Reproduce verbatim the lines of the material below, starting at the line with "Petugas Puskesmas mengambil" and ending at the line with "тұр. (Көрнекі сурет)", both inclusive; skip the rest.
=-=-=
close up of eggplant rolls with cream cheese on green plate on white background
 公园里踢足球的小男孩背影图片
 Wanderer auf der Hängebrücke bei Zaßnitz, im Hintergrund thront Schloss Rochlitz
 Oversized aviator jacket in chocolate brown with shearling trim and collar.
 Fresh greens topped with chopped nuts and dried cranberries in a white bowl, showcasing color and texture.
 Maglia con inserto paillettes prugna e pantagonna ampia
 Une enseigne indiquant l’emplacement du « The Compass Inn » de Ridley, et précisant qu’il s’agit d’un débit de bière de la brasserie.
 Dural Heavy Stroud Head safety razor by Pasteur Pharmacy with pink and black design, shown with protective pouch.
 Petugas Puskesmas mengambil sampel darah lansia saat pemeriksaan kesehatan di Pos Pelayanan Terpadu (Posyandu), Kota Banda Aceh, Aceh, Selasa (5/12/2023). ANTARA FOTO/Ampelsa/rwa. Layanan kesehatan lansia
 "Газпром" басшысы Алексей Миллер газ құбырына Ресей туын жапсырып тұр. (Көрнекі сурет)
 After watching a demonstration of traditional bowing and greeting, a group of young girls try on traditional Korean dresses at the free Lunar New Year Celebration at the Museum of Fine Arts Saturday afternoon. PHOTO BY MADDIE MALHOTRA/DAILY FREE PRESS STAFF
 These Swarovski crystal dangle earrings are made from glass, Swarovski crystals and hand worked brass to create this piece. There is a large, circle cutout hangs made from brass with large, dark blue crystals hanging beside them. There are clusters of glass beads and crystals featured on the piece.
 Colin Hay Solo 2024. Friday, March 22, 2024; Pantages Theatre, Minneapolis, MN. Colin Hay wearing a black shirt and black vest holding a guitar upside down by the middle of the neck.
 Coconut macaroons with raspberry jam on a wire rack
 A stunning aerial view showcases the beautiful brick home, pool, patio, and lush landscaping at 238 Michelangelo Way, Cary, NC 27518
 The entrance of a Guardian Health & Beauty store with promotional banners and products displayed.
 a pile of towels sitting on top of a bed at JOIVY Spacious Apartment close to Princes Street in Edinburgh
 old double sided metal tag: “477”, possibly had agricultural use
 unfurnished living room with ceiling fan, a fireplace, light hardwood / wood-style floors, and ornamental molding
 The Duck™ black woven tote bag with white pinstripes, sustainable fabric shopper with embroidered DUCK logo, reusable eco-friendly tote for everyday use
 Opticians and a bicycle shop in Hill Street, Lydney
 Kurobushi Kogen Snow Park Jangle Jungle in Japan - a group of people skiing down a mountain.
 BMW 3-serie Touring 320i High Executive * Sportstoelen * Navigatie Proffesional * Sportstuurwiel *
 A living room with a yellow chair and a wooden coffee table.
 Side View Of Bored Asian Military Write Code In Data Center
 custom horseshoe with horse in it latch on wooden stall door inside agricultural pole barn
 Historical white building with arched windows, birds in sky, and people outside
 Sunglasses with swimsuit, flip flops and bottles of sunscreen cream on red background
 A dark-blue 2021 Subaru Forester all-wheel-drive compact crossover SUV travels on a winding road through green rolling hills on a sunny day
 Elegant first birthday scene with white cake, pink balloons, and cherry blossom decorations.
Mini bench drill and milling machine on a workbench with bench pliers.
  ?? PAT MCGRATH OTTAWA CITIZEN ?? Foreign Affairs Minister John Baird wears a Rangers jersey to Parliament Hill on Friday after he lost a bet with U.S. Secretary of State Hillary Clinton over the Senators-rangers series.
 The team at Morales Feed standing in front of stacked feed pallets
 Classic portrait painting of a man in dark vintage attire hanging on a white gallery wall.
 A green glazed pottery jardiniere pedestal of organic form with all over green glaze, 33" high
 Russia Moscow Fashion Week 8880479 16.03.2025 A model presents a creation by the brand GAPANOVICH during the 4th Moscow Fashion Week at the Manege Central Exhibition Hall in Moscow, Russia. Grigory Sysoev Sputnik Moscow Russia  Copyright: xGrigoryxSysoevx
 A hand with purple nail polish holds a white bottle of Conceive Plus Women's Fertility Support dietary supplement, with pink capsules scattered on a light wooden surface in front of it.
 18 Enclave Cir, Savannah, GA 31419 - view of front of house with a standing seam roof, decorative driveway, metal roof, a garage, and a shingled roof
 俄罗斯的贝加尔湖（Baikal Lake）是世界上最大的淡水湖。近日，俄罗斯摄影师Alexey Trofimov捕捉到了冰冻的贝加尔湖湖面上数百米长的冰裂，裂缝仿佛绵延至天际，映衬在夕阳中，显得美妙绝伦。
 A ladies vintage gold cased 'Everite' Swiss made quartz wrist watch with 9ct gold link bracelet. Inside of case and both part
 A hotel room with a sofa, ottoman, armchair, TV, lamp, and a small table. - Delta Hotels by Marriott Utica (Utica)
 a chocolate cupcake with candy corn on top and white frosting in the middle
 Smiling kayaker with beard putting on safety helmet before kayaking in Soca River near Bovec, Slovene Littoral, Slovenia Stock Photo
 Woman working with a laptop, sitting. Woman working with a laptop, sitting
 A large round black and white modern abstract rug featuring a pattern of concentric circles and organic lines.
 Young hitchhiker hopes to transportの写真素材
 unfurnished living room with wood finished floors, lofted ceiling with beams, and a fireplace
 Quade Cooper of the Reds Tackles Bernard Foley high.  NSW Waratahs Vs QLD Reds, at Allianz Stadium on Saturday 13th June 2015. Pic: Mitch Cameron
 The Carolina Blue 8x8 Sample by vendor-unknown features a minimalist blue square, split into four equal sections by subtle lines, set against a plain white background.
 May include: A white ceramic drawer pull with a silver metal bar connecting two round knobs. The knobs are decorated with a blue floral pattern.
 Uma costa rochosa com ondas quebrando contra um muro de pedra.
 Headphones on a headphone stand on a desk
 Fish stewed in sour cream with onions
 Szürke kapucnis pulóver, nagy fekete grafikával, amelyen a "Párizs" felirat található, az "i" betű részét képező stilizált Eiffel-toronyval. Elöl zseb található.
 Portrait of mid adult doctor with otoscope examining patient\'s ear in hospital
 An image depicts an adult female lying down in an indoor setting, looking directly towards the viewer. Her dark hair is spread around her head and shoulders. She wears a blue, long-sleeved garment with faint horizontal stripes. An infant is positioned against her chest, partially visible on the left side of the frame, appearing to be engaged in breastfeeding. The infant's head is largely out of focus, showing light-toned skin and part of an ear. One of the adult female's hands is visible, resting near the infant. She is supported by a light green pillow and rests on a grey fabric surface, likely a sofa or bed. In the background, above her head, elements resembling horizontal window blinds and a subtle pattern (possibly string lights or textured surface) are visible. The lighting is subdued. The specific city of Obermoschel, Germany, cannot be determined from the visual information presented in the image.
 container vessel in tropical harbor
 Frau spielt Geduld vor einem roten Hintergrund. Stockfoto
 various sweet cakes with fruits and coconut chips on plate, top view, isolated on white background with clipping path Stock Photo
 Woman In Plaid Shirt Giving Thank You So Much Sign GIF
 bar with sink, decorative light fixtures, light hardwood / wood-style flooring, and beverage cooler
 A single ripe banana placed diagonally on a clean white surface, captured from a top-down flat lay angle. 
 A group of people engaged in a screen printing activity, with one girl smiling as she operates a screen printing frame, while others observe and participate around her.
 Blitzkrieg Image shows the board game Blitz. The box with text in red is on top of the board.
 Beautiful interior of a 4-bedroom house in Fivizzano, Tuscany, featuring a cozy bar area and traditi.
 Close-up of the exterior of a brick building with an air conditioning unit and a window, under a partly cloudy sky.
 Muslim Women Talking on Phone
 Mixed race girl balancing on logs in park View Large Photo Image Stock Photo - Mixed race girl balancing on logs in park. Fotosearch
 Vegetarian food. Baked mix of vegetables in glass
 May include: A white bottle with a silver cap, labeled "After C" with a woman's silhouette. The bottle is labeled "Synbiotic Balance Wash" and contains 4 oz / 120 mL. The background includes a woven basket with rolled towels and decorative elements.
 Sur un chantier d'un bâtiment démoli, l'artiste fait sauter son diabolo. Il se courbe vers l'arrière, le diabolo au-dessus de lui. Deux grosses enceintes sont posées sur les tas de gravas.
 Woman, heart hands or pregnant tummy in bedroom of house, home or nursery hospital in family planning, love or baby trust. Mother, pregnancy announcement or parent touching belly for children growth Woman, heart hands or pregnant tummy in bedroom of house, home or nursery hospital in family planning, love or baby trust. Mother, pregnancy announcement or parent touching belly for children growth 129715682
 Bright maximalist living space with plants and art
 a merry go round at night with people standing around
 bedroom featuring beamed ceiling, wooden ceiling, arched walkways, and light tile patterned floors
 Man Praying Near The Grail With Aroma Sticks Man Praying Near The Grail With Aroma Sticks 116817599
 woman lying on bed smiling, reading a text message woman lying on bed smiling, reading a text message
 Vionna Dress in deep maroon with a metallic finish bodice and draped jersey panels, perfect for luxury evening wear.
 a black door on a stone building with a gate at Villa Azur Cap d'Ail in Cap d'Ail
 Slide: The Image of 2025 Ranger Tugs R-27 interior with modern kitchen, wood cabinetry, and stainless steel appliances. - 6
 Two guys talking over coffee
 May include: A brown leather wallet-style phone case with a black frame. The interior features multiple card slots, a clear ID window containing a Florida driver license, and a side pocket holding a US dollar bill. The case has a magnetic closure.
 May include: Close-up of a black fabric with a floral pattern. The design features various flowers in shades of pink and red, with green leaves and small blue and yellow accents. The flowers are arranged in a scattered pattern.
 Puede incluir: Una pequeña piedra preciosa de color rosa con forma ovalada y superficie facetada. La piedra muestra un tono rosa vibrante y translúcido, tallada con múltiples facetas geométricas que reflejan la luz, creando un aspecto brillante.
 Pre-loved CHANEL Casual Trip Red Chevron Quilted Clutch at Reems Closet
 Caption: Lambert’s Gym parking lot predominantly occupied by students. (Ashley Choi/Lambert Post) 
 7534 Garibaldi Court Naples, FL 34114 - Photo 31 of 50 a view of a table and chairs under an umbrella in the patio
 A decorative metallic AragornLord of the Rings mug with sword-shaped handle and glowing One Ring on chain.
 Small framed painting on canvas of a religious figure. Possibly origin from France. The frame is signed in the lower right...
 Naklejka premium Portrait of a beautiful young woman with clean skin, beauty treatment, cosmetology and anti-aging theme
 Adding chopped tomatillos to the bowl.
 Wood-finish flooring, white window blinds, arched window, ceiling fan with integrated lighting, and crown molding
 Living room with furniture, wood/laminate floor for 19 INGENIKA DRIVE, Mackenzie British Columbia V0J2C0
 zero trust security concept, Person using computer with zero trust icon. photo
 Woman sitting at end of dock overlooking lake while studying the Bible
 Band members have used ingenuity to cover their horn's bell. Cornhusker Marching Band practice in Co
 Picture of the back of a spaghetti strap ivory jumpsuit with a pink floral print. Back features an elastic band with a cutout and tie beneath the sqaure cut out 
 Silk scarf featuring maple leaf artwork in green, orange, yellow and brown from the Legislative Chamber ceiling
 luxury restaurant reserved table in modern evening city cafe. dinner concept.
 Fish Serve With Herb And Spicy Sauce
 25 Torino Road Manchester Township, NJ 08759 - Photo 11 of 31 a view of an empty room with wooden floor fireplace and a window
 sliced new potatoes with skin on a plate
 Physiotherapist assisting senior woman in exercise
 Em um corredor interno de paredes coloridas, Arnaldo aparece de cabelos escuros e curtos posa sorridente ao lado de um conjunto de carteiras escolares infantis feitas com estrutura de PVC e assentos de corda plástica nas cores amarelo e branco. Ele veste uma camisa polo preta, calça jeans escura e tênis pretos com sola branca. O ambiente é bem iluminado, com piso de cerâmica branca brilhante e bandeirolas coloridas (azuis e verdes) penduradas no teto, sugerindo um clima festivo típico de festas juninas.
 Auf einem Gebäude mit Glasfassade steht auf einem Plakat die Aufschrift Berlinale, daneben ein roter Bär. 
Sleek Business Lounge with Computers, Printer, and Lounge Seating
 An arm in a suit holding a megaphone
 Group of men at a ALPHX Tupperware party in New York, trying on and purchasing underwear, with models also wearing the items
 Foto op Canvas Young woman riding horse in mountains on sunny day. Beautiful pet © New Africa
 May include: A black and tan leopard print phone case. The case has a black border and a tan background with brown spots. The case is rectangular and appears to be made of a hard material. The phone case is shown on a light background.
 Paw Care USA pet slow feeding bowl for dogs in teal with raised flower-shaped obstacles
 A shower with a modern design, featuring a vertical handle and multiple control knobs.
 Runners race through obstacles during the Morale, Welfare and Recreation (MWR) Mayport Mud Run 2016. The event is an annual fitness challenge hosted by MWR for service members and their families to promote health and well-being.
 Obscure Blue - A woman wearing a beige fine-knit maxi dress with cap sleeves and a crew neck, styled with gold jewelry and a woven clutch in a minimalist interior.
=-=-=
> **Your solution**:
 Petugas Puskesmas mengambil sampel darah lansia saat pemeriksaan kesehatan di Pos Pelayanan Terpadu (Posyandu), Kota Banda Aceh, Aceh, Selasa (5/12/2023). ANTARA FOTO/Ampelsa/rwa. Layanan kesehatan lansia
 "Газпром" басшысы Алексей Миллер газ құбырына Ресей туын жапсырып тұр. (Көрнекі сурет)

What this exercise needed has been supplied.